_WORK ORDER_: Copy only those lines which run from the line containing "H&M Boys Blue" to the end of the entries below, both inclusive, exactly as written and with no pictures.

Start of DATASET CONTENT

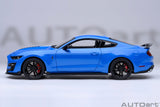 Ford Mustang Shelby GT500 - grabber blue 1:18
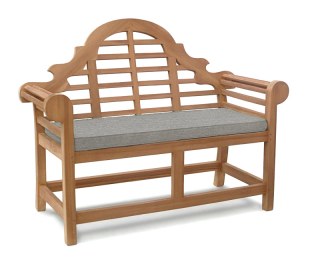 Lutyens-Style Garden Bench Cushion - 2 Seater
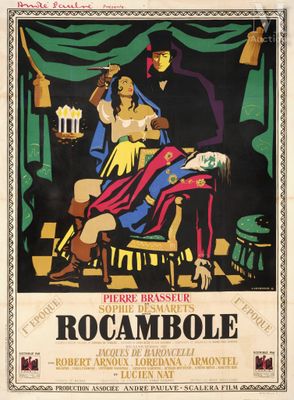 the poster for roambole starring actors in a scene from the film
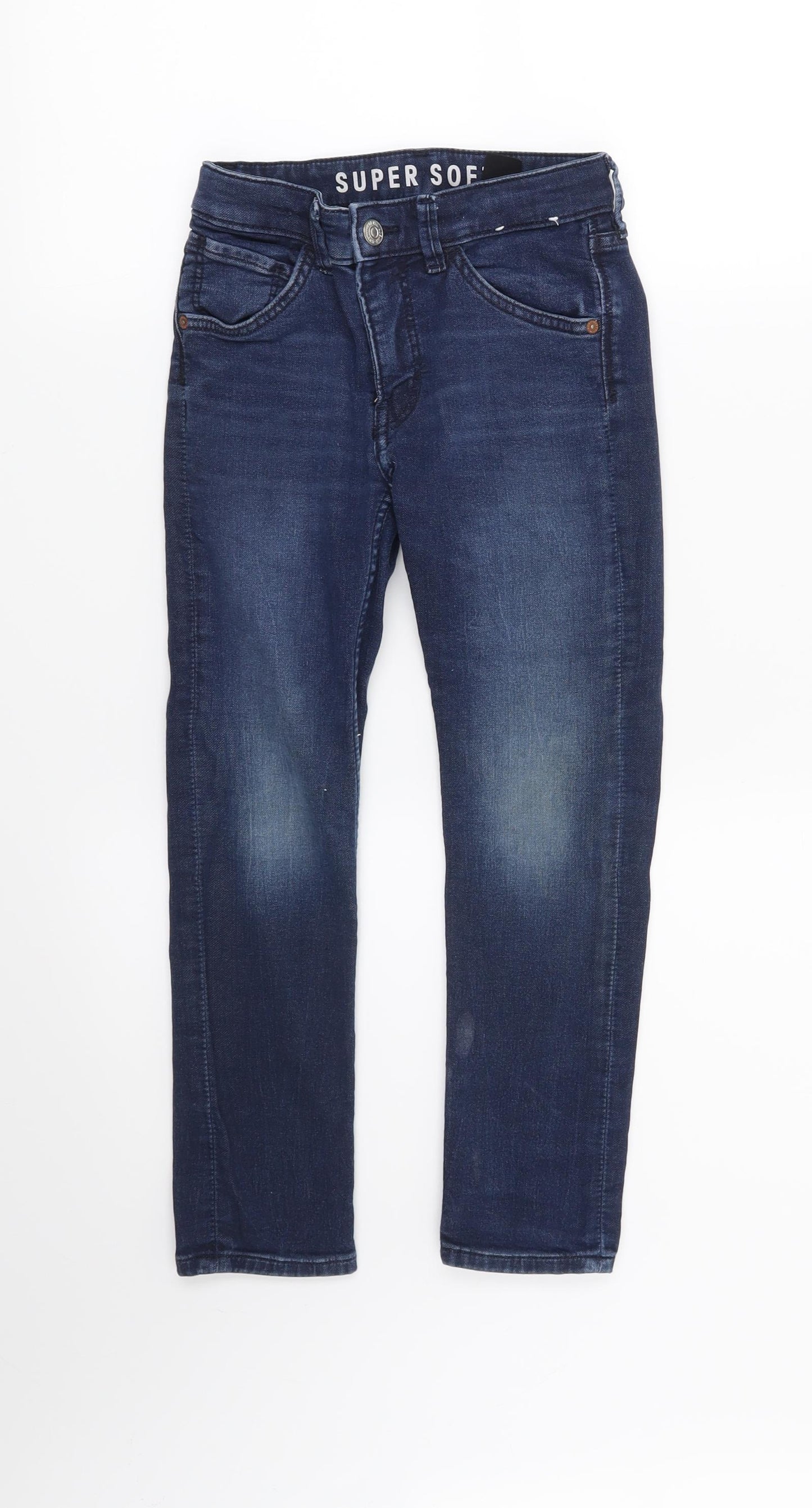 H&M Boys Blue   Skinny Jeans Size 8 Years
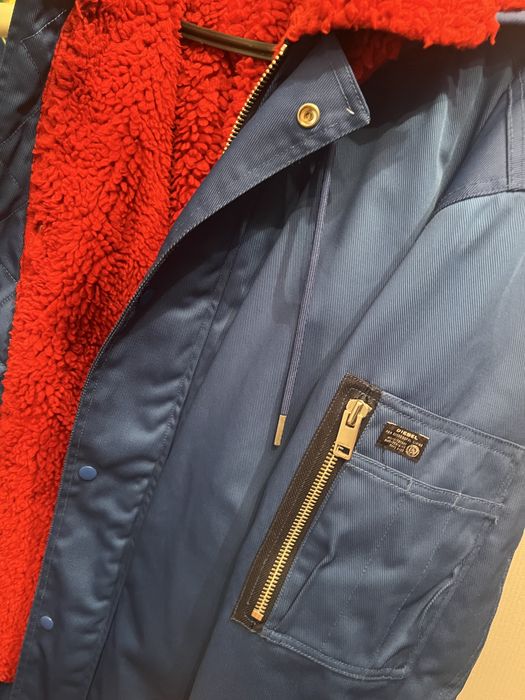 Diesel фирменная мужская куртка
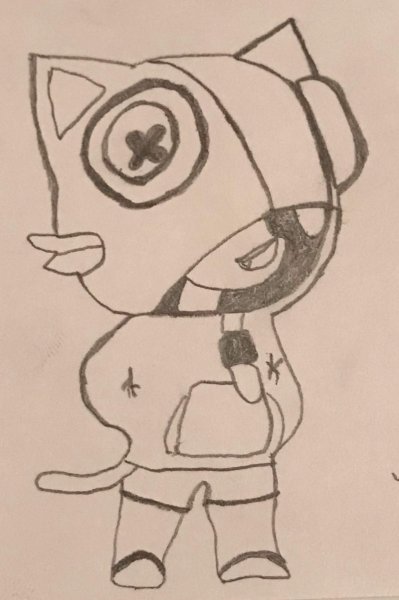 Леон Браво старс для срисовки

End of DATASET CONTENT

_SOLUTION FOR THIS TASK_:
 H&M Boys Blue   Skinny Jeans Size 8 Years
 Diesel фирменная мужская куртка
 Леон Браво старс для срисовки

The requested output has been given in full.